Founded in 1987, Health Level Seven International (HL7) is a not-for-profit, ANSI-accredited standards developing organization dedicated to providing a comprehensive framework and related standards for the exchange, integration, sharing, and retrieval of electronic health information that supports clinical practice and the management, delivery and evaluation of health services. HL7’s 2,300+ members include approximately 500 corporate members who represent more than 90% of the information systems vendors serving healthcare.

Without going into the history of the standards work HL7 International has done successfully for the last 28 years, there’s an exciting development with a new standard called Fast Health Interoperable Resources or FHIR (pronounced ‘fire’). Adding fuel to the excitement are quotes like this.

FHIR is the “HTML” of healthcare. It’s based on clinical modeling by experts but does not require implementers to understand those details. Historically healthcare standard were easy for designers and hard for implementors. FHIR has focused on ease of implementation. John Halamka ‒ CIO at Harvard and Beth Israel Deaconess Medical Center ‒ Setting Healthcare Interop on Fire ‒ Forbes

Today, FHIR is working its way to becoming an official standard in healthcare. Later this fall, it will move from DSTU1 (Draft Standard for Test Use version 1) to DSTU2 ‒ at which point it will be considered enough of a standard to be openly supported (if not officially endorsed) by the Office of the National Coordinator (ONC). Developers have already started building, testing and deploying actual solutions using its framework.

So is FHIR the long awaited answer for true interop in healthcare?

One of the principal architects and lead developers of FHIR is a software engineer named Grahame Grieve. The development of FHIR represents a significant engineering achievement (spanning years and thousands of hours). As the FHIR project lead, his engineering domain expertise on FHIR is literally second to none.

One of several remaining challenges ‒ unsolved by FHIR ‒ is a key field called Master Patient Index ‒ or MPI. FHIR is a “framework” that can easily support an MPI ‒ but it isn’t an MPI itself. An MPI ‒ any MPI ‒ must be developed outside of FHIR (for use with FHIR). Which begs the question ‒ if FHIR is the emerging standard for interop in healthcare ‒ do we even need an MPI? I posed this question to Grahame. His reply was steeped in the engineering tradition and discipline of efficient coding.

Yup. MPI is unavoidable.

FHIR may well be the HTML of healthcare, but we still need an MPI for any system to determine “who the hell we are.” Anyone can generate an MPI of course and every electronic health record solution includes an MPI, but each one is different.

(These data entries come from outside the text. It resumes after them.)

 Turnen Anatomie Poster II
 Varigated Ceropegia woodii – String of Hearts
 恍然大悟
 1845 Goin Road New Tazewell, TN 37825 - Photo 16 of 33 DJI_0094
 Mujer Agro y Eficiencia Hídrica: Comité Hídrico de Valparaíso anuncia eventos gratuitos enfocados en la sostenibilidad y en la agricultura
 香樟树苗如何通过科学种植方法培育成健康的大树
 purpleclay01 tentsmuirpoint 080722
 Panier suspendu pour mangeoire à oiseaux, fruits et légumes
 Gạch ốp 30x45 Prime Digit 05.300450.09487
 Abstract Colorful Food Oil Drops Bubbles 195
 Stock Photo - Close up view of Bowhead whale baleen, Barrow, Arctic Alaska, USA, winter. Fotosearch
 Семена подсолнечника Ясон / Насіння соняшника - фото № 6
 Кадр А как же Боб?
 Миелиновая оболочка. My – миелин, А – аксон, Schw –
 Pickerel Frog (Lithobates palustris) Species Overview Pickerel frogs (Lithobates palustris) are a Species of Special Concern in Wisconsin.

There is no standard (and none pending) for this critical field used throughout the entire healthcare delivery ecosystem.

We could have one ‒ we should have one (in much the same way that we have a VIN for vehicles) ‒ but Congress reversed their original intent for this even though it was baked into the 1996 legislation known as HIPAA (see Who Stole U.S. Healthcare Interop?) .

The original legislation called for the creation of a National Provider Identifier and a National Patient Identifier. The Provider Identifier was implemented, but the Patient Identifier was subsequently “de-funded.” In effect, HHS (and by extension ONC) is legally banned from any work toward a National Patient Identifier ‒ which is equally reprehensible and indefensible. This isn’t the fault of HHS/ONC, of course, but it is absolutely the fault of Congress.

“It’s time that Congress recognize the inability to accurately identify patients is fundamentally a patient safety issue. CHIME Interim Vice President of Public Policy Leslie Krigstein ‒ Patient ID Highlighted as Barrier to Interoperability during Senate HELP Hearing
A false positive match occurs when two truly non-matching records are declared to match, while a false negative match occurs when two truly matching records are declared to be a non-match. While a majority of CIOs believe their false negative and false positive error rates are at or below industry standard, a considerable percentage believe their health records have rates that far exceed 8 percent.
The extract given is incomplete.